We consider the purposes they would have had and the range of situations they would have meant their language to apply to given those purposes. In the case of Court precedent, we look at the facts of the case in which the decision was made to see what situation the Court was intending its language to apply to. In the Case of lawmakers, we look to the legislative history (the debate and testimony leading to the legislation) to try to find out what they were trying to accomplish and what sorts of situations they were concerned with affecting. In both cases, we look to the wider context of the law to discern the public policy purposes that are generally endorsed by the law on the assumption that those policies are important to the judge or the lawmaker, or at least should have been. If we err on the side of assuming lawmakers and judges are fulfilling their duties, that is not as bad as erring on the side of assuming they were not acting appropriately.
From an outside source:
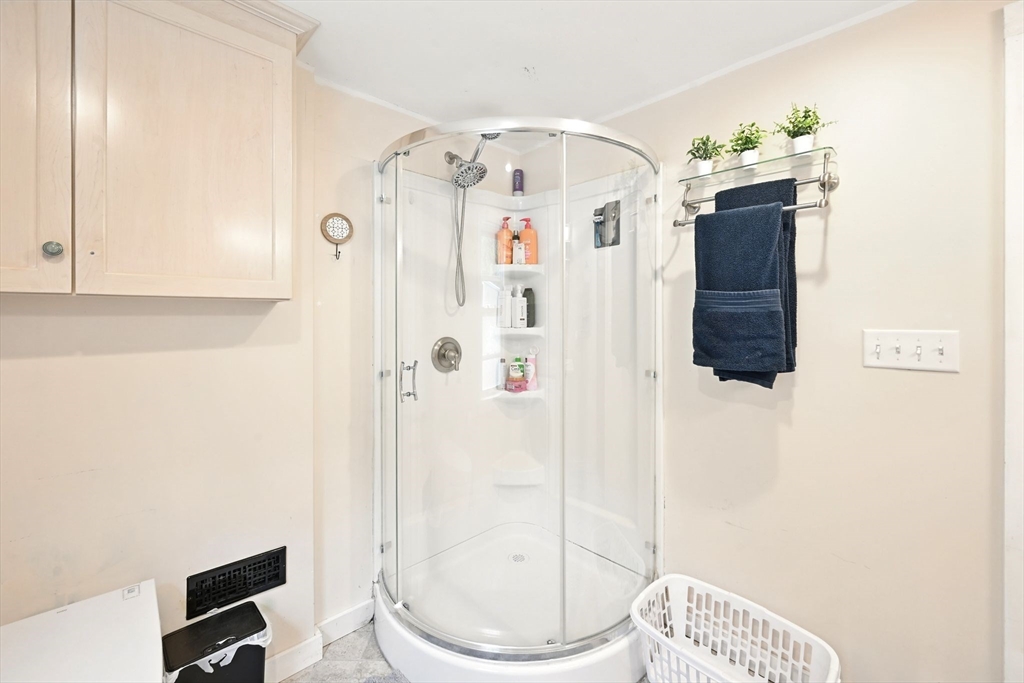 24 Barnett Road Sutton, MA 01590 - Photo 18 of 38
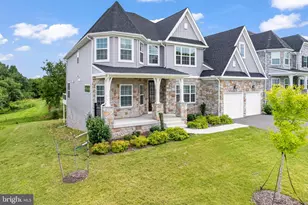 2754 Hillfield Dr, Frederick, MD 21702 - Photo 2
In my jurisdiction, we also have a statute that requires that we assume that the intent of any statute was to have a reasonable result.
The evidence regarding what public policy is often ambiguous. That ambiguity leaves questions as to how to interpret ambiguous language of the law. That brings us to my proposal. By identifying the ultimate purpose of the law within the nation, that will clarify some of the ambiguity as to what the public policies are, which will then help to eliminate some of the ambiguity in the language of statutes, regulations, and case precedents.
Sometimes the legislation is ambiguous because certain legislators will only support the legislation if the issue is left to the courts to decide. So, sometimes, these ambiguities are intentional. When a court has a case, it must decide the case. What is the court supposed to do?
And this is only an instance of the problem of finding the “intent” of the legislature. What if the different legislators had different reasons for supporting the legislation and as a consequence had different notions of how the legislation should be interpreted? The only thing the legislators have to agree on is the language of the legislation. What is a court supposed to do if there is no shared intention? The court still has to decide the case before it.
The Court must turn to public policies to determine what the legislation should mean. It can do that better if public policy is made clearer by the constitutional amendment I have proposed.
I am currently listening to some recorded lectures covering Philosophy of Law and the current topic is Dworkin’s theory of legal interpretation which, is described as requiring that interpretation is guided by the pursuit of “integrity”. I am jumping ahead of what the lectures have said, but what this suggests to me is that the interpreter is not free to impose his/her own moral framework on the law, but on the other hand, he/she is interpreting the law as a consistent body of law arising from a consistent set of public policies that are ultimately consistent because they arise out of a shared moral foundation emerging from reason and the human situation. As Jefferson put it in the Declaration, Governments are created to serve a specific moral purpose. Law is created by Government in it’s attempt to serve that purpose. All legislation and all legal interpretation must ultimately serve that purpose by fitting in with the project as it has been carried forward to date, but without losing site of the ultimate purpose.